Concludendo, possiamo dire che il dumping è una pratica che con il passare del tempo ha avuto un ruolo sempre più importante nella legislazione e nell’economia delle diverse nazioni. Il ricorso alle pratiche di dumping è molto frequente al fine di rendere più competitive le merci di un Paese rispetto a quelle dei paesi di destinazione al fine di migliorare la propria bilancia commerciale.

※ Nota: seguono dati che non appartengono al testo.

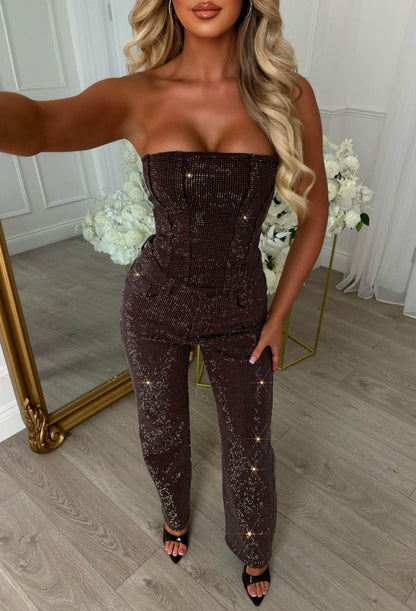 Ultimately Yours Brown Stretch Diamante Bandeau Denim Top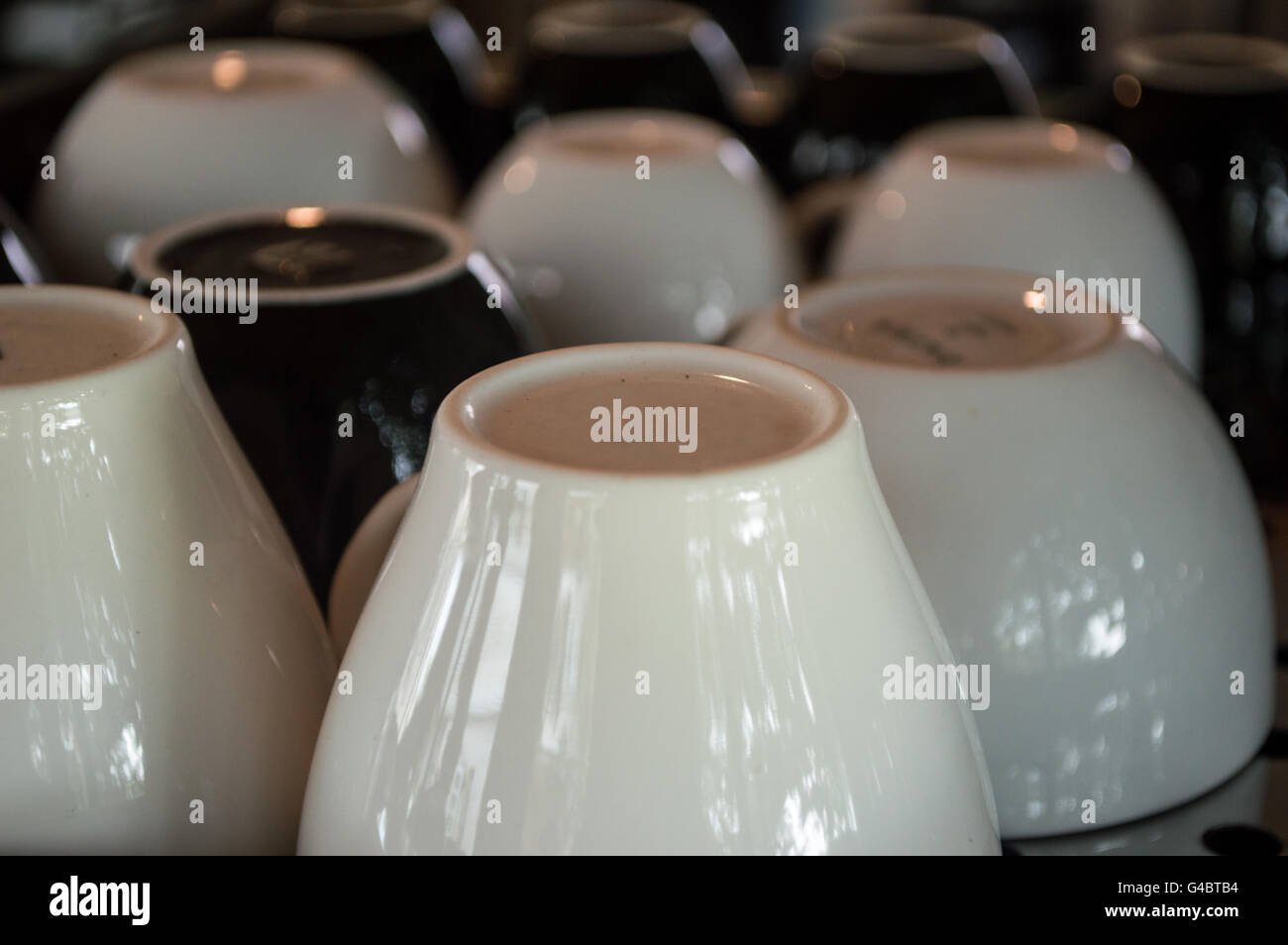 Bottom of coffee cup arrangement Stock Photo Alamy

Dato che il dumping è una pratica che ha iniziato ad emergere dalla prima metà del secolo scorso, possiamo ritenere che esso abbia iniziato a far sentire i propri effetti con l’avvento della globalizzazione dei mercati ed in particolar modo a seguito della notevole crescita dei colossi asiatici.

A questo proposito ho fatto riferimento alla realtà cinese, la quale è senza dubbio il paese le cui imprese sono state maggiormente assoggettate all’applicazione di misure antidumping su prodotti esportati da importatori interni, in particolare quelli riguardanti il settore siderurgico e dell’abbigliamento. A mio giudizio sarebbe opportuno che in futuro il WTO ricorresse a sanzioni ancora più rigorose non solo per attenuare, ma per eliminare del tutto le pratiche di dumping in modo da favorire gli scambi commerciali fra i paesi, incentivandoli ad essere sempre più efficienti ed a produrre merci di qualità sempre maggiore.